_ACTION ITEM_
Would you repeat exactly the part of the listing below that runs from the line containing "summer scene with" down to the line containing "オレガノ マルゲリータ 【花苗 2.5号ポット】", inclusive, and nothing else?

_INPUT FOR THIS TASK_
++++++

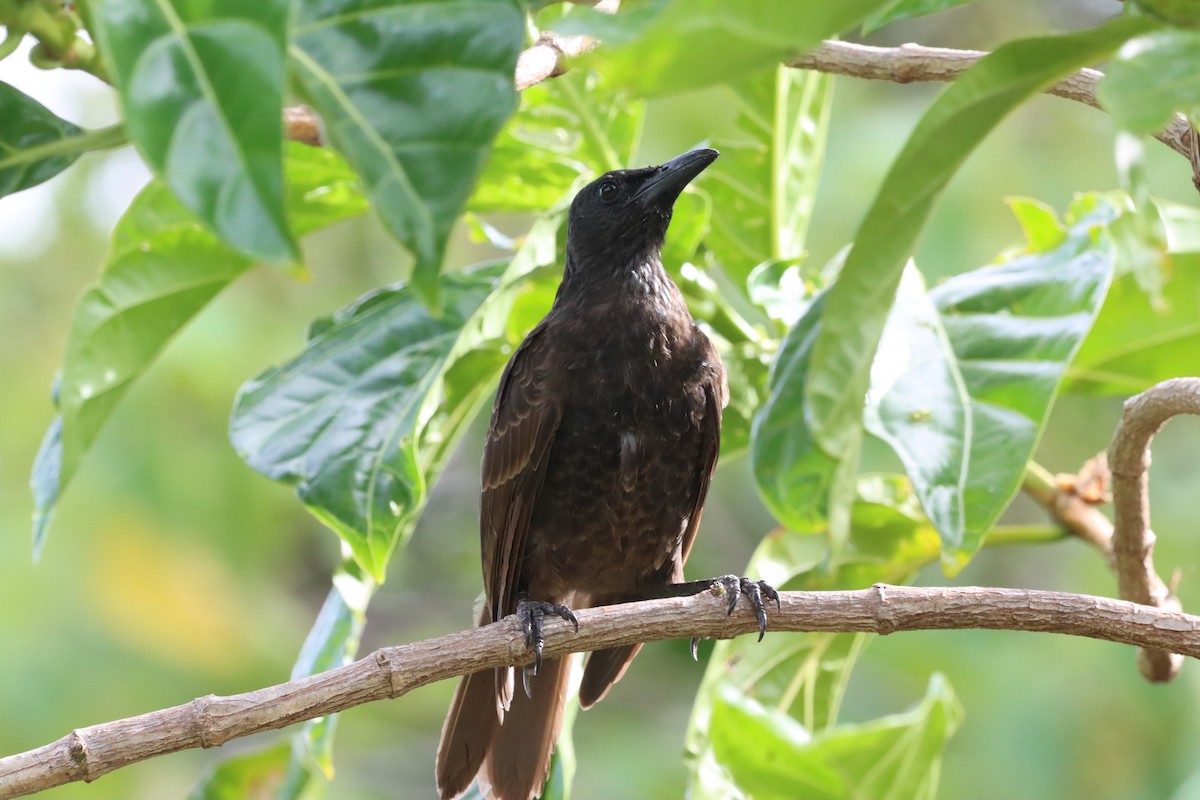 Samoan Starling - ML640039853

++++++

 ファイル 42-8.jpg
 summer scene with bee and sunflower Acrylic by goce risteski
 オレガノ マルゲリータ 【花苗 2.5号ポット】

++++++

_WRITTEN ANSWER_
 summer scene with bee and sunflower Acrylic by goce risteski
 オレガノ マルゲリータ 【花苗 2.5号ポット】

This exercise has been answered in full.